When I first glanced at the designation, “North Carolina,” my mind flew back to the set of photographs from the waterfront resort at Wrightsville Beach, thinking I had made a connection. However, buried deep within the flowery text of this formal invitation was the date: 1937, too late to match with those Wrightsville Beach pictures.

Whoever the Most Reverend Eugene Joseph McGuinness of Raleigh, North Carolina, was—or how he connected to my Tully and Stevens family—I will have to set aside for another day’s musings. For now, he becomes a token of how widespread the circle of friends and acquaintances were for one humble homemaker in 1900s Chicago.

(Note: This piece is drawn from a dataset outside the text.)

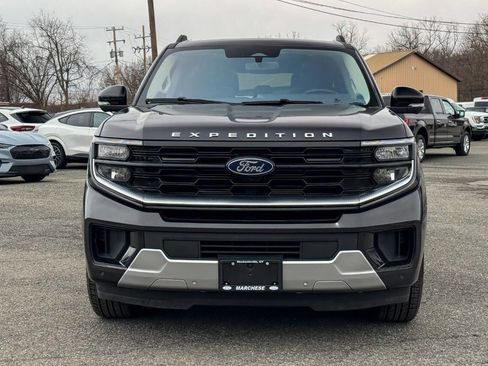 Used 2025 Ford Expedition Max Platinum image 8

The Most Reverend Eugene Joseph McGuinness
Bishop-elect of Raleigh, North Carolina
Vice President of The Catholic Church Extension Society
requests the honor of your presence at the
Ceremony of his Consecration
His Eminence Dennis Cardinal Dougherty
Archbishop of Philadelphia
The Most Reverend William David O’Brien, D. D.
Titular Bishop of Calinda and Auxiliary of Chicago
The Most Reverend Hugh L. Lamb, D. D., V. G.
Auxiliary Bishop of Philadelphia
Sts. Peter + Paul Cathedral, Philadelphia, Pennsylvania
nine-thirty, Tuesday morning, December twenty-first
One thousand nine hundred and thirty-seven
The Most Reverend Francis Clement Kelley, D. D.
Bishop of Oklahoma City and Tulsa
will deliver the sermon


  1. Lots of higher up muckity mucks in this list!

    A lot of them stem from the poor coal mine regions of Pennsylvania. The Chicago link seems to be to a charitable outfit, The Catholic Church Extension Society (based in Chicago).

    Reading of its history doesn't shed much light (for me) but it is of some interest:

    1. Thanks for the link, and bio of Bishop Kelley, Iggy. It appears Bishop McGuinness later followed Bishop Kelley in assuming his position in Oklahoma City. Interesting how all these professional roots seem to go back to Chicago.